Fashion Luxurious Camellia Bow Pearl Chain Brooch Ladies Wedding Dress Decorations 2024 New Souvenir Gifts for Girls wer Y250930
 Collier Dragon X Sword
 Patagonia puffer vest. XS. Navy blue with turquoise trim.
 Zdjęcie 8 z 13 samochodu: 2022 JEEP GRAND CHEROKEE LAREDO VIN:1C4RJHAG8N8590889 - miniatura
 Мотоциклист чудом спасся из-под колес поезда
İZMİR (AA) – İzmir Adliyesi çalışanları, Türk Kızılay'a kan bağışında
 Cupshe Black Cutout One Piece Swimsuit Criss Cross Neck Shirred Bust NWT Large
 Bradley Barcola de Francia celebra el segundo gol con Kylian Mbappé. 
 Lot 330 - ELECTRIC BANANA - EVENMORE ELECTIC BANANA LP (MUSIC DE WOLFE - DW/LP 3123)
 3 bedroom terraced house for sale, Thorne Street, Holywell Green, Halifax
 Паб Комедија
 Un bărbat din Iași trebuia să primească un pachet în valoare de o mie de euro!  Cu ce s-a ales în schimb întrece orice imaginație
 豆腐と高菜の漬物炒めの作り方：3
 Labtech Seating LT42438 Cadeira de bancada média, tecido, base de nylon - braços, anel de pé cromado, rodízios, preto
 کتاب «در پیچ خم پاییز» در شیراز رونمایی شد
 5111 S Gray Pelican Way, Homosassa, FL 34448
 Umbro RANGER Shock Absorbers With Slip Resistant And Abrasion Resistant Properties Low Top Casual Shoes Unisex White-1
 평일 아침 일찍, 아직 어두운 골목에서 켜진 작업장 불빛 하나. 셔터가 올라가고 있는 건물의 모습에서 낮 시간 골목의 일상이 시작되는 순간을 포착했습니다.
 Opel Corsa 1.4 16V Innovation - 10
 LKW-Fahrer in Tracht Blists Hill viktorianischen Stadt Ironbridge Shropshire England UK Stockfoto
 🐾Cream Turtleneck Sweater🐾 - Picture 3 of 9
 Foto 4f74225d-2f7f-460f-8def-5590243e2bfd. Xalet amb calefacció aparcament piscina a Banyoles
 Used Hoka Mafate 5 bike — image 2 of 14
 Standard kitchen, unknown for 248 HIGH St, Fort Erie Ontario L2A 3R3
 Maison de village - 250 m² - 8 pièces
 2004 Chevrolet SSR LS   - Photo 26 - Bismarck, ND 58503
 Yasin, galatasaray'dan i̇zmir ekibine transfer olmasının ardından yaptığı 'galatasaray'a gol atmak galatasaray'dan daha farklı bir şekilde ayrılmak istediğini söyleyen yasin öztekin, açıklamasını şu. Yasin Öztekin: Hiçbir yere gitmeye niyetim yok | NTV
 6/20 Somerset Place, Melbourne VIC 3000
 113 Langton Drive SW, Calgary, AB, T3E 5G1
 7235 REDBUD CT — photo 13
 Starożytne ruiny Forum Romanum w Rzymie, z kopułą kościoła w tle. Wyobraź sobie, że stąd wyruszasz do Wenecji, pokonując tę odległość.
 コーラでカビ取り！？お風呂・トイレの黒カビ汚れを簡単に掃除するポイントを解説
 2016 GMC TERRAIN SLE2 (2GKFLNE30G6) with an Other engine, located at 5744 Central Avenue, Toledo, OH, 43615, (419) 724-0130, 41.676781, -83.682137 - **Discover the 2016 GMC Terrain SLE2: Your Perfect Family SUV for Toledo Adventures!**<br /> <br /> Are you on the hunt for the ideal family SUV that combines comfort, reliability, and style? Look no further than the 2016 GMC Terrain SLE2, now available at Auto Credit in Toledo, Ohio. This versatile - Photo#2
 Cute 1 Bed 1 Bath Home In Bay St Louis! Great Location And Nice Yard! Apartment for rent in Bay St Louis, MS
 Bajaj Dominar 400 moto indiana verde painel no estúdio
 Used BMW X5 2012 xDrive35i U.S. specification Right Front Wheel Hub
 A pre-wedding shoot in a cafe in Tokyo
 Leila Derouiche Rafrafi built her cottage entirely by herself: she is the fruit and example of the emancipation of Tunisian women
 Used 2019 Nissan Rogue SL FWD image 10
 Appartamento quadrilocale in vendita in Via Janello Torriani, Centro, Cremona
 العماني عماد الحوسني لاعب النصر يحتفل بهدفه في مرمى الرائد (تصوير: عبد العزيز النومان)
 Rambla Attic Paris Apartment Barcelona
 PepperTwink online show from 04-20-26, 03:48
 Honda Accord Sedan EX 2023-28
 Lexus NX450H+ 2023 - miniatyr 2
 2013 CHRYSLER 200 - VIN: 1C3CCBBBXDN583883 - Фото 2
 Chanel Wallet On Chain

....................

▶ Problem details: Copy every line of the entries in which "Used" can be found.

▶ Expected output:
 Used Hoka Mafate 5 bike — image 2 of 14
 Used BMW X5 2012 xDrive35i U.S. specification Right Front Wheel Hub
 Used 2019 Nissan Rogue SL FWD image 10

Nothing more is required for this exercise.